■ **Exercise inputs**
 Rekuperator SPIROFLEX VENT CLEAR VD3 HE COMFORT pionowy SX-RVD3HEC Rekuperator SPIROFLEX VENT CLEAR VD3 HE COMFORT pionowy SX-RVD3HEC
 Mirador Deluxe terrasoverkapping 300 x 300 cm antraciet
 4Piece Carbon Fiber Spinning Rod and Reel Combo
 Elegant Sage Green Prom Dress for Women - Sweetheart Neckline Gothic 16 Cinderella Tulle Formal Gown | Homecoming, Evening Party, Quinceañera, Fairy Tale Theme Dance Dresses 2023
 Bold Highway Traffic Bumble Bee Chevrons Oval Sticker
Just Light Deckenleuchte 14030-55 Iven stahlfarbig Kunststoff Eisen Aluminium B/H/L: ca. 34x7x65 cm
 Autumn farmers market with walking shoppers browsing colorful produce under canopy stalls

---

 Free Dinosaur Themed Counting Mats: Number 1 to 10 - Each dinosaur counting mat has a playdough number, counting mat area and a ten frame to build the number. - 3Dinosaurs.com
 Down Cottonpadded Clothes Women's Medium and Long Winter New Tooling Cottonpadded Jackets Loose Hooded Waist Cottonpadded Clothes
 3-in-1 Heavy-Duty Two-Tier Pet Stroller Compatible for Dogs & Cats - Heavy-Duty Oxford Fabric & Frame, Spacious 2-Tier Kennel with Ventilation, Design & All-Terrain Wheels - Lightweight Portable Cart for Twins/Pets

■ **What to work on**
Among the entries above, the line containing "pionowy SX-RVD3HEC Rekuperator", the line containing "4Piece Carbon Fiber", and all lines between them are to be restated word for word; nothing else belongs in the reply.

■ **Response for this exercise**
 Rekuperator SPIROFLEX VENT CLEAR VD3 HE COMFORT pionowy SX-RVD3HEC Rekuperator SPIROFLEX VENT CLEAR VD3 HE COMFORT pionowy SX-RVD3HEC
 Mirador Deluxe terrasoverkapping 300 x 300 cm antraciet
 4Piece Carbon Fiber Spinning Rod and Reel Combo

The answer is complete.